An einigen Verkaufsständen wird mein Bargeld akzeptiert, und der umständliche Erwerb und das Aufladen einer Prepaid-Karte (hier Stadiondeckel genannt) entfällt. Für 2,80 Euro bekomme ich nach kurzer Wartezeit eine dicke, kurze, helle Bratwurst. Sie ist saftig und weich im Biss. Die Würzung ist sehr zurückhaltend, das Verweilen auf dem Grill hat kaum Röstaromen erzeugt, Fett scheint ein Hauptgeschmacksträger zu sein. Die Ganze wird in einem weißen, weichen Brötchen serviert. Insgesamt ein charakterloses Ensemble. Auch mit viel Senf oder Ketchup garniert, kann es kaum neben dem ausgeschenkten, würzigen Stadionbier bestehen. Welch ein Abstieg im Vergleich mit der Wurst in der Münchener Arena, meiner ersten Teststation. Dort wurde mir eine mitteldicke, sehr lange, hell genannte, aber doch etwas rötliche Bratwurst mit kräftiger Würzung nach Nürnberger Art geboten. Im Biss fest und dennoch saftig, mit vielen Röstaromen ausgestattet. Sie wird mir zügig in einer ebenfalls überlangen, knusprigen Semmel gereicht, die an ein kleines Baguette erinnert. Insgesamt, mit oder ohne Stadionbier, eine überaus überzeugende charaktervolle Zusammenstellung. Der Preis von 4,20 Euro erscheint mir durch die überdurchschnittliche Größe und Qualität angemessen.
Kann es wirklich sein, dass die Unterschiede so groß sind, oder haben äußere Einflüsse meine Empfindungen beeinflusst und meine Testergebnisse maßgeblich verfälscht? Viele kennen das Phänomen, dass der bevorzugte Urlaubswein, mit großen Erwartungen nach Hause mitgenommen, den lustvollen Erinnerungen in keiner Weise entspricht. Ich überprüfe meine Testergebnisse.

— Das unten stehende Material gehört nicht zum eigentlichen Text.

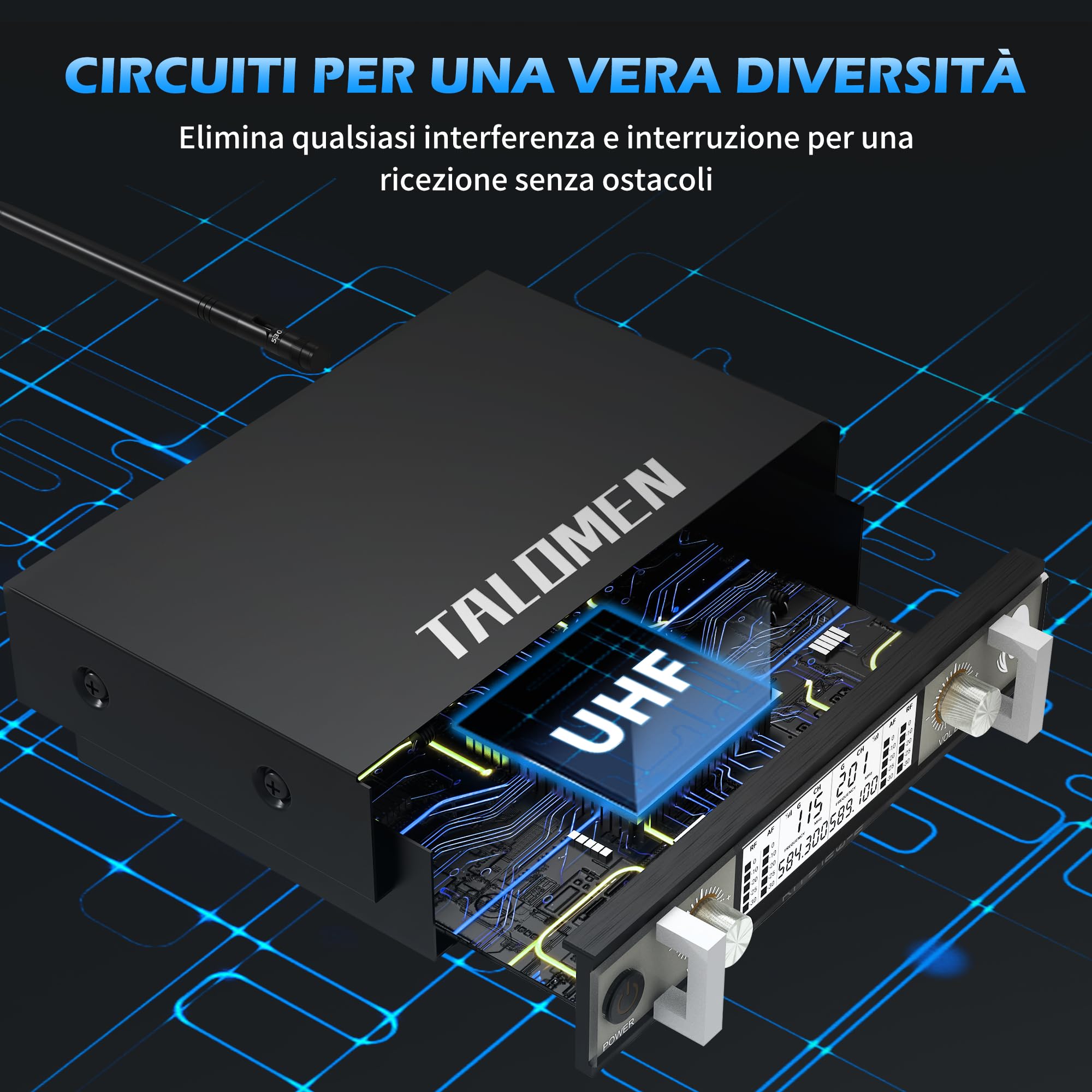 talomen Set Microfoni Wireless UHF, 2 Microfoni Dinamici a Mano in Metallo, Auto Scan, Portata 120 m, Ricevitore a Doppio Canale, Ideale per Canto, Karaoke, Feste, DJ, Chiesa – K120 Nero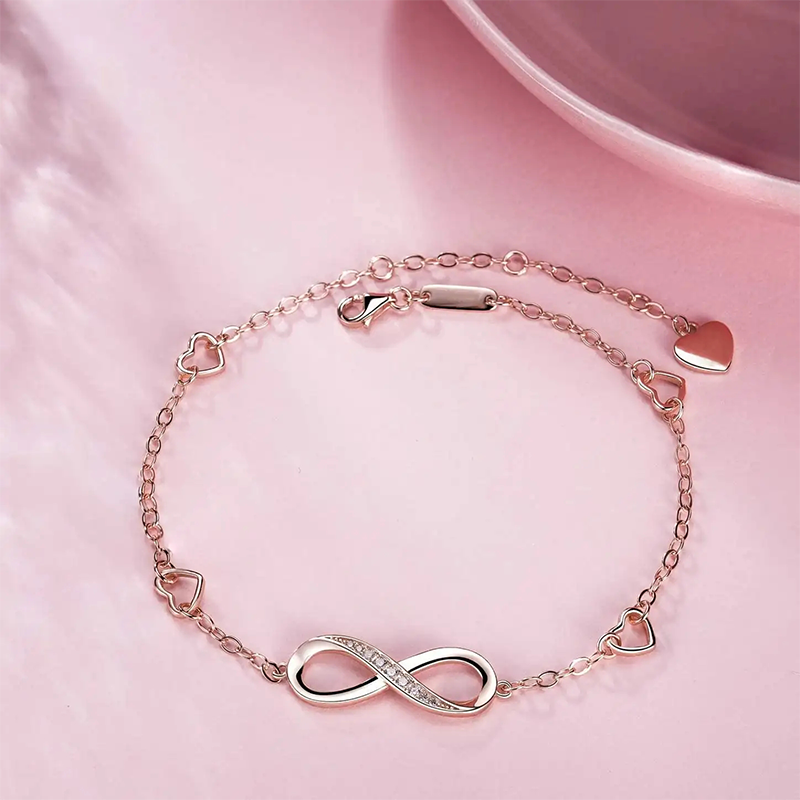 Pulsera de plata de ley con circonita chapada en oro rosa Símbolo Infinito Colgante-3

Als von klein auf bekennender Fan des VfL Osnabrück (spielt in der dritten Bundesliga) schließe ich eine besondere emotionale Nähe zu den Spitzenvereinen aus München und Dortmund aus.
Die elegante Architektur der Münchener Arena mit ihrer spektakulären Außenhülle sowie meine intensiven Erlebnisse im französischen Fanblock (siehe Artikel „Im falschen Block“) haben mich – keine Frage – in eine besonders positive Stimmung versetzt. Doch auch der selbsternannte Dortmunder Fußballtempel hat mich auf seine Art äußerst beeindruckt. Er ist ein gigantisches Viereck aus Beton, Stahl und Stahlblech. Ein zwar in die Jahre gekommener Zweckbau, bei dem auch erneuerte Anstriche und sanierte Toiletten nicht verwischen können, dass hier kein Anspruch auf gestalterische Finesse erhoben wird. Aber er ist deutlich spürbar ein Tempel, die Kultstätte der schwarz gelben Glaubensgemeinschaft, die an „wahrer Liebe zum Verein“ und an „Fußballmaloche“ hängt. Spieler, die nicht mit größter Laufbereitschaft und vollstem Körpereinsatz zur Sache gehen, haben keine Chance auf Anerkennung. Fast immer 81.000 Zuschauer, davon allein 25.000 auf der berühmten Südtribüne, der größten Stehplatztribüne Europas, zelebrieren beeindruckende Choreographien. Die gemeinsam gesungene Hymne „You´ll never walk alone“ erzeugt Gänsehaut. Dazu passt, dass weit vor dem Anpfiff des Spiels, das bereits halb gefüllte Stadion einem treuen weiblichen Fan zum fünfundsiebzigsten Geburtstag ein Ständchen singt. Das Geburtstagskind reagiert mit hemmungslosem Weinen, und diese Tränen der Rührung sind auf den riesigen Videowänden für alle gut mitzuerleben. Das schafft eine sentimentale und solidarische Stimmung.
War es ein Fehler, die Dortmunder Stadionwurst schon weit vor Spielbeginn, vor diesen Erlebnissen zu testen? Das zähe Bundesligaspiel zwischen Dortmund und Frankfurt endet 3:1. Meine nach dem Schlusspfiff gegessene Wurst führt zu keinem anderen Ergebnis. Bei höchst unterschiedlicher Umgebung, aber vergleichbarer Erlebnisdichte und unabhängig von der Fußballqualität auf dem Platz, es bleibt dabei – München bisher auf Platz 1 in der Bratwurstliga, ganz weit vor Dortmund.